The U sold its teaching hospital to Fairview in the 1990s, a landmark deal that closely links the health system to the university’s health care mission.

The former Minnesota attorney general and other opponents in 2013 dismissed the idea of ​​an out-of-state organization running U Hospital, the taxpayer-subsidized training site for most of the state’s doctors. State legislators introduced legislation to block the move at the time, and others suggested that the university acquire Fairview instead.

Minnesota spokesperson Keith Ellison said Minnesota Attorney General Keith Ellison is aware of the latest negotiations and plans to conduct an investigation to ensure the merger is in compliance with laws governing charities and nonprofits. “We are also assessing any potential impacts on competition along with state and federal partners.”

Myron France, the university’s senior vice president for finance and operations, said the university was informed of the new merger talks in August and was involved in the “early stages of discussion.”

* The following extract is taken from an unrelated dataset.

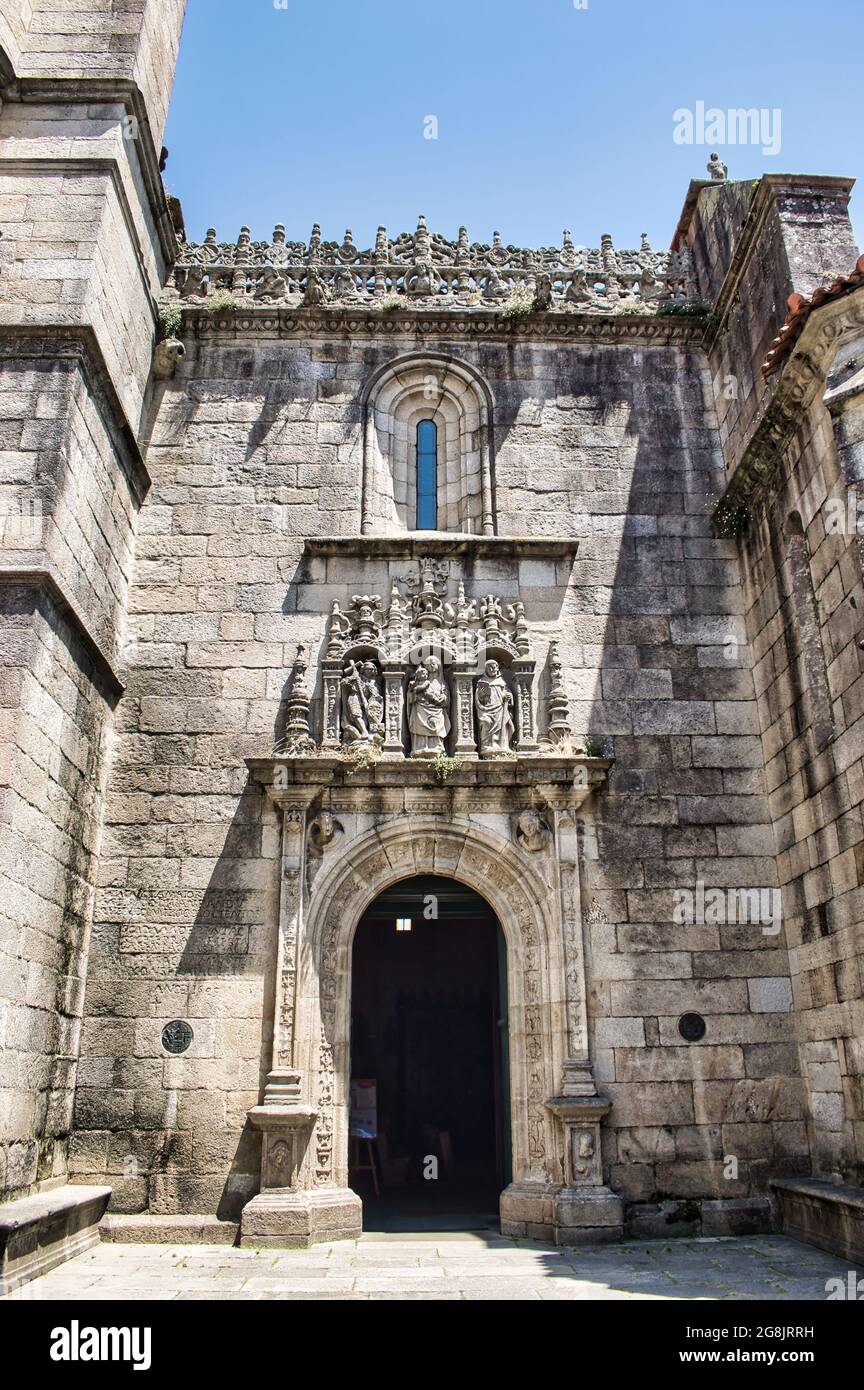 Tür an der Südfassade der Basilika Santa Maria la Mayor in Pontevedra, Spanien Stockfoto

U receives millions of dollars in subsidies each year from Fairview for teaching, research and health care, France said, and needs to see how the merger will affect this deal along with Fairview’s bottom line.

“What are Fairview and Sanford’s plans to rectify Fairview’s financial challenges?” He said.

Neither Jason nor Hereford were in charge at the time of the 2013 merger talks. They revived the idea over dinner during a healthcare conference at the end of May.

Founded in 1906, Fairview operates more than 80 clinics and 36 notable suburban pharmacies and hospitals in Burnsville, Edina, Maplewood and Woodbury. The Fairview Ambulance Department responds to more than 40,000 emergency calls annually, and the Ebenezer unit operates four long-term care and transitional care facilities.

Fairview was the fourth largest nonprofit group in Minnesota in 2021, according to a Star Tribune analysis, with about $6.43 billion in revenue and 31,000 employees. Of the state’s 12 largest nonprofits last year, only Fairview was losing money in operations — a trend that has continued this year. Some competing health systems, such as Allina and North Memorial, have seen their finances deteriorate in the first half of this year as well.

Sanford’s merger was not motivated by the relatively poor financial performance of Fairview, Hereford said, which in recent years has closed St. Joseph’s Hospital and its old Bethesda Hospital campus, both in St. Paul.

“We need to be able to drive innovation and drive new approaches,” Hereford said. “And I think what’s really different at this point is that the combination of the two organizations brings such important, complementary core competencies to do that.”

Sanford Health has its origins in the opening of a hospital in Sioux Falls in 1894. It was later named for businessman and philanthropist T. Denny Sanford after a charitable gift of $400 million in 2007.

With approximately 45,000 employees, Sanford’s largest hospitals are in Sioux Falls as well as Fargo and Bismarck. ND Sanford Bemidji Medical Center is the largest hospital for the Minnesota Health System, operating 19 hospitals, 70 clinics and employing more than 7,000 employees.

Sanford Health made a profit from operations last year while reporting slightly more revenue ($7.14 billion) than Fairview. It operates a health insurance plan as well as a network of elderly care facilities.

Sanford recently failed to complete its proposed mergers with Utah-based Intermountain Healthcare and Iowa-based UnityPoint Health.

Sanford walked away from the Intermountain merger, Jasin said, after he became CEO and decided with his board that it wouldn’t lead to meaningful improvements in healthcare. He added that Fairview offers more opportunities, including collaboration on Sanford’s initiative to promote virtual care in rural areas.

A new virtual care center is announced in 2021 as part of a $350 million charitable gift from T. Denny Sanford. His total donation to the healthcare system over the years comes to nearly $1.5 billion.

“Probably no one has lost sight of the challenges healthcare has faced over the past few years, everything from the pandemic to some of the economic challenges we face today,” Jasin said. “The opportunity to bring together two organizations with very similar missions…an amazing opportunity we don’t want to miss.”